March 10, 2011 - Meg Alexander
Hello world, my name is Megan, and I'm a Gleek. There, I said it.

Why is that a confession? Well, for some reason, since I was a child, I rebelled against the norm. If everyone was listening to New Kids on the Block, I was wallowing in my imagined despair with the likes of The Cure. When my peers were reading about the Baby-Sitters Club adventures, I was staying up until dawn with Daphne du Maurier's "Rebecca" and Charlotte Brontë's "Jane Eyre." Most of the kids I knew were so excited to watch Saved By the Bell, or drool over Kurt Cameron in Growing Pains, and I was completely baffled, bored by television as a whole.

By the time I got to junior high, I really felt like a freak, and it went beyond the bad perm, acne and realization that my peers were all hitting their growth spurt, while I seemed to be stuck at 5 feet — and was, in fact, stuck at 5 feet. I loved music, but certainly not Mariah Carey or the other stuff my classmates seemed to think was acceptable for a little girl to like in that era.

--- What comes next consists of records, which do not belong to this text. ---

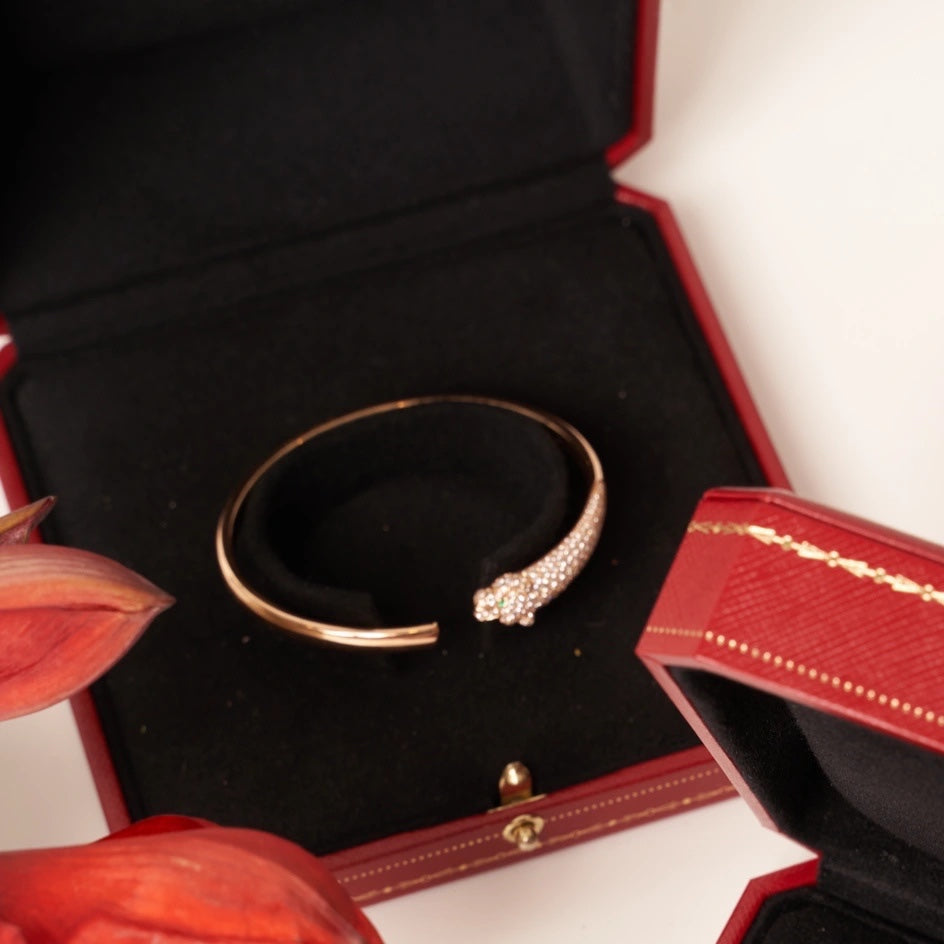 [Elara jewelsry ]PANTHERE ROSE GOLD DIAMOND OPEN BRACELET
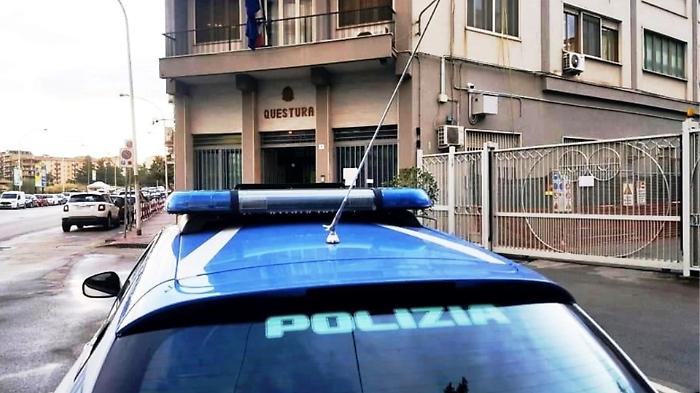 Aggredisce la ex incinta al settimo mese: arrestato 23enne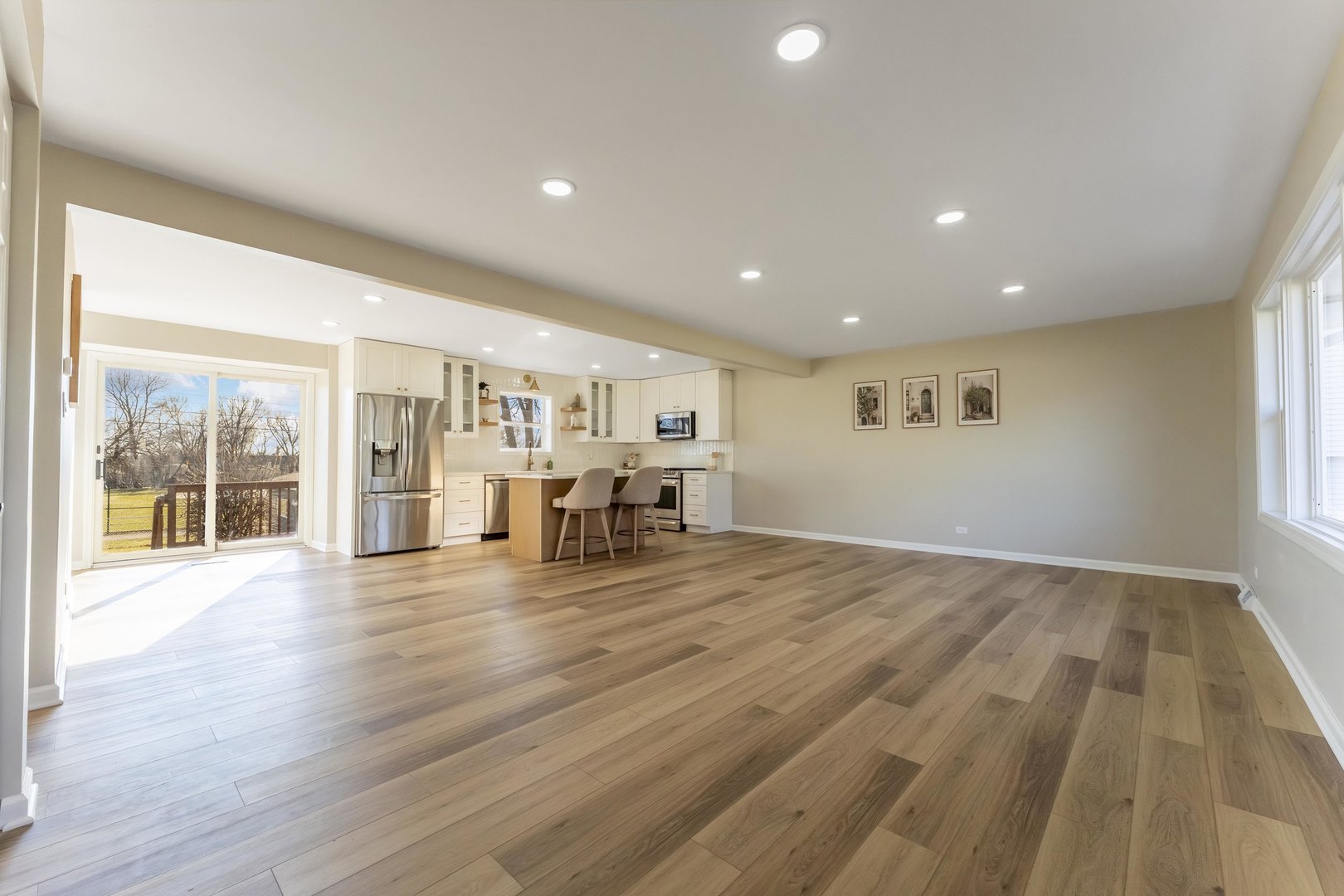 27W073 Jewell Road, Winfield, IL 60190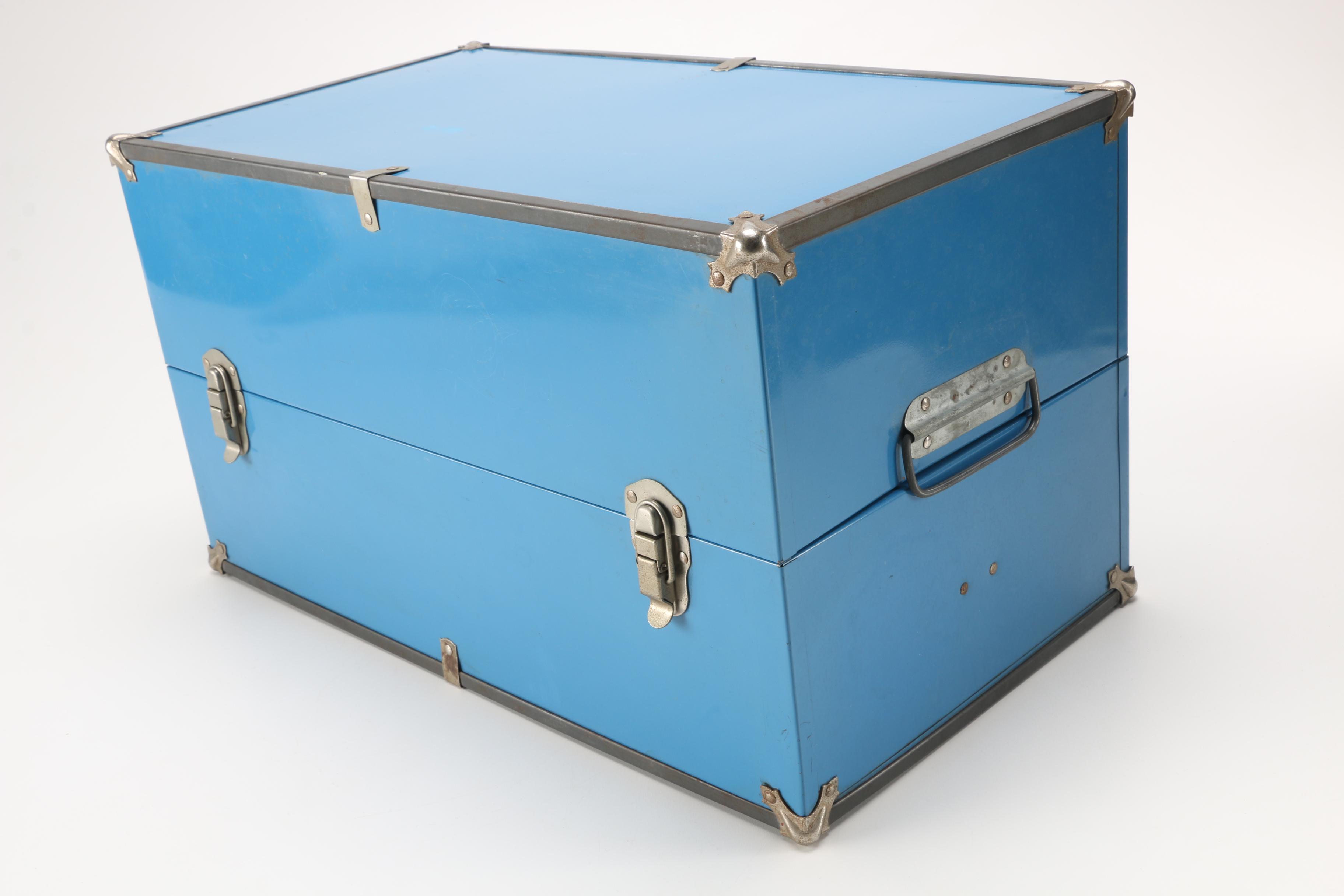 Vintage Horsman Cindy Doll and Wardrobe Case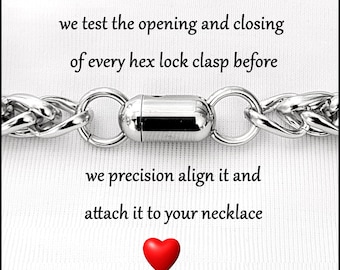 Puede incluir: Primer plano de un collar de cadena de plata con un cierre magnético. El cierre está hecho de dos anillos de plata conectados por un cilindro de plata. El texto "we test the opening and closing of every hex lock clasp before we precision align it and attach it to your necklace made with love for love" está escrito debajo de la imagen.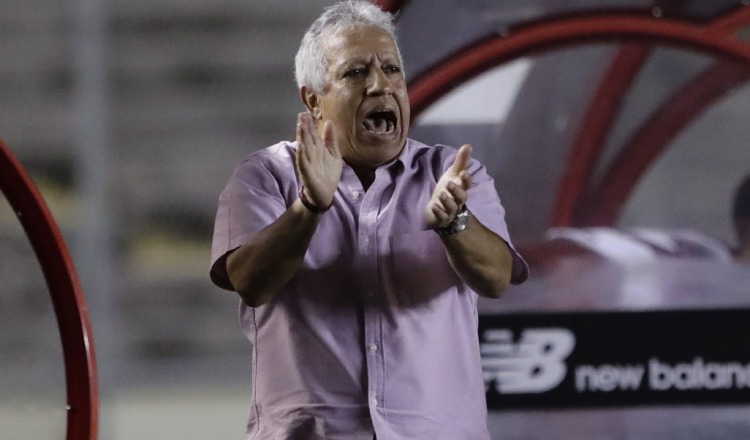 Américo 'Tolo' Gallego es el técnico del seleccionado panameño. Foto:AP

I wore Nine Inch Nails, Red Hot Chili Peppers, Rage Against the Machine and Green Day t-shirts, which the bullies in my school found hilarious — and not in a good way. Who were these bands, they asked??? And as much as I tried, most people refused to listen to them ... until, of course, they did, along with everyone else tuned in to the Top 40.

At the time it made me mad, but in retrospect it's pretty funny. I clearly was not as unique as I thought I was. These bands were big, huge in fact, but they simply hadn't made it to Martin County, not yet.

So that's my background, and my attempt to explain why I find it so strange to be on this bandwagon for one of the top-rated television shows on the air, a show about teenagers and pop music, of all things.

But that's the thing: Glee is about misfits. And while these particular misfits are incredibly popular right now, and their solutions to their dilemmas lean closer to fantasy than reality, the message is catchy, surprisingly hilarious and poignant, and obviously strikes a familiar chord with many of us sitting in the audience, waiting to see what happens next.